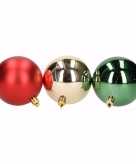Traditional christmas 9 delige kerstballen set rood groen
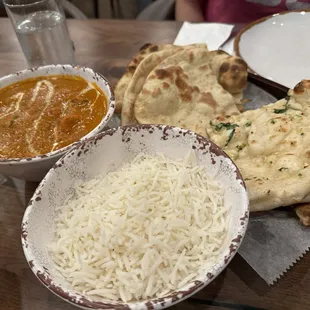 Butter Chicken, Garlic Naan, and Tandoori Roti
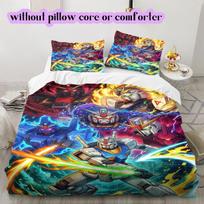 Gundam Anime Theme Duvet Cover Set,3pcs Printed Cartoon Bedding,Creative Bedroom Decor Comforter Cover for Teens_LIAN 135x200cm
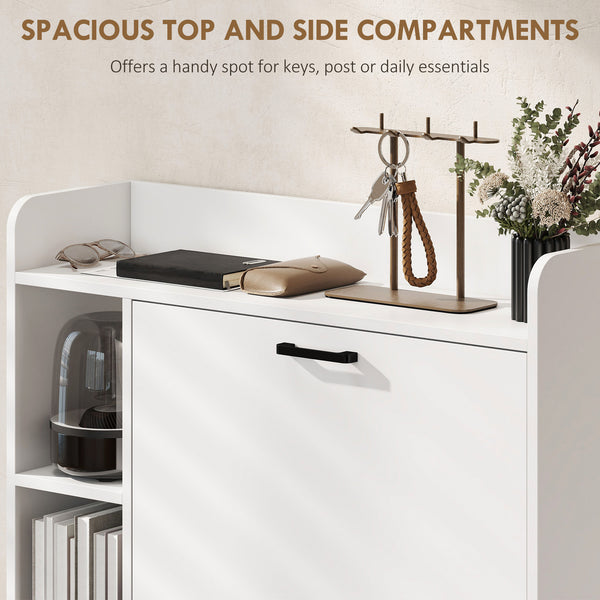Meuble à chaussures étroit avec 2 tiroirs basculants et rangements latéraux, blanc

## Task to carry out
Retype the lines starting with the one that holds "Gundam Anime Theme" and ending with the last line of the data above, both included; skip the pictures.

## Response to the task
 Gundam Anime Theme Duvet Cover Set,3pcs Printed Cartoon Bedding,Creative Bedroom Decor Comforter Cover for Teens_LIAN 135x200cm
Meuble à chaussures étroit avec 2 tiroirs basculants et rangements latéraux, blanc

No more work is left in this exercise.